Topics

Con(key)reffing terms: uppercase - lowercase


Yves Barbion
 

Hi group

Suppose you wish to reuse a term, for example the term "color definitions". This term can, of course, occur anywhere in a sentence, so also at the beginning, where it needs to start with a capital.

What's the best practice in this case? Having the term twice in the "warehouse topic": once with uppercase "C" and once with lowercase?

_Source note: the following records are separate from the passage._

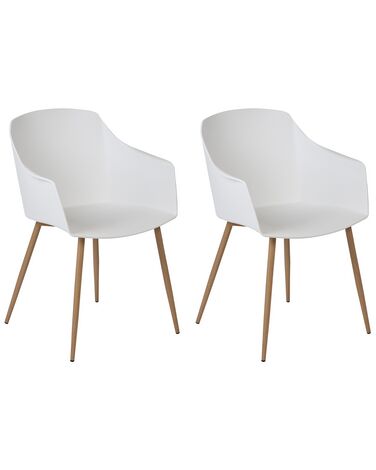 Set van 2 eetkamerstoelen FONDA II Wit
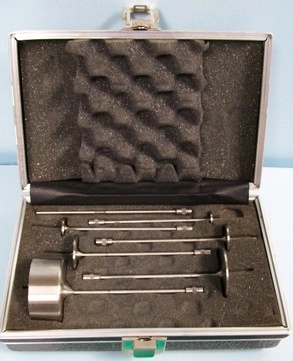 BROOKFIELD RV/HA/HB SPINDLE SET SET OF 7,H 1, H2, 3, 4, 5, 6, 7, IN BLACK CASE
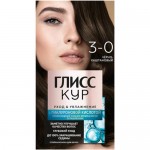 Краска Gliss Kur Уход&увлажнение для волос стойкая тон 3-0 чёрно-каштановый Краска Gliss Kur Уход&увлажнение для волос стойкая тон 3-0 чёрно-каштановый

Or are there any better solutions?

Thanks

Yves


Tom Magliery
 

As a rule of thumb, when something feels like a hack on the markup side, I think to myself "Could/should this be handled on the processing side?" So how about having logic in the transformation that fixes uncapitalized letters in terms at beginnings of sentences? This sounds like kinda no-fun logic to write in a transformation, and that's with me not even knowing if it's even less fun in any languages besides English. So it's just something to wonder.
 
<sentence>Option 2: What if every sentence were its own element?</sentence> <sentence>Then it would be much easier to write the necessary logic in the transformation.</sentence> <sentence><term>color definitions</term> are so cool.</sentence> <sentence>Ok, I'm totally just kidding about Option 2.</sentence> <sentence>Please don't really try this one at home.</sentence>
 
mag
 

On 2020-08-19 05:46, Yves Barbion wrote:

Hi group
 
Suppose you wish to reuse a term, for example the term "color definitions". This term can, of course, occur anywhere in a sentence, so also at the beginning, where it needs to start with a capital.
 
What's the best practice in this case? Having the term twice in the "warehouse topic": once with uppercase "C" and once with lowercase?
 
Or are there any better solutions?
 
Thanks
 
Yves



Jarno Elovirta
 

Hi,

I've written a DITA-OT implementation for a customer where if you had markup such as

<p><keyword keyref="color-def"/> blaa blaa <keyword keyref="color-def"/>. <keyword keyref="color-def"/> blaa.</p>

When the keyrefs were processed, got transformed into something like

<p><keyword><?keyref?>color definitions</keyword> blaa blaa <keyword><?keyref?>color definitions</keyword>. <keyword><?keyref?>color definitions</keyword> blaa.</p>

So processing instruction keyref is used to mark that something comes from a keyref. Then, another step goes through all those processing instructions and tries to guess if the first character of the keyref content should be uppercased. The rules were simple,
  • Is this the first character in a block element
  • is this character preceded by one or more whitespace characters and a period, exclamation mark or question mark.
This would result in

<p><keyword><?keyref?>Color definitions</keyword> blaa blaa<keyword><?keyref?>color definitions</keyword>. <keyword><?keyref?>Color definitions</keyword> blaa.</p>

This worked well enough, but you could add more complex rules using this same approach.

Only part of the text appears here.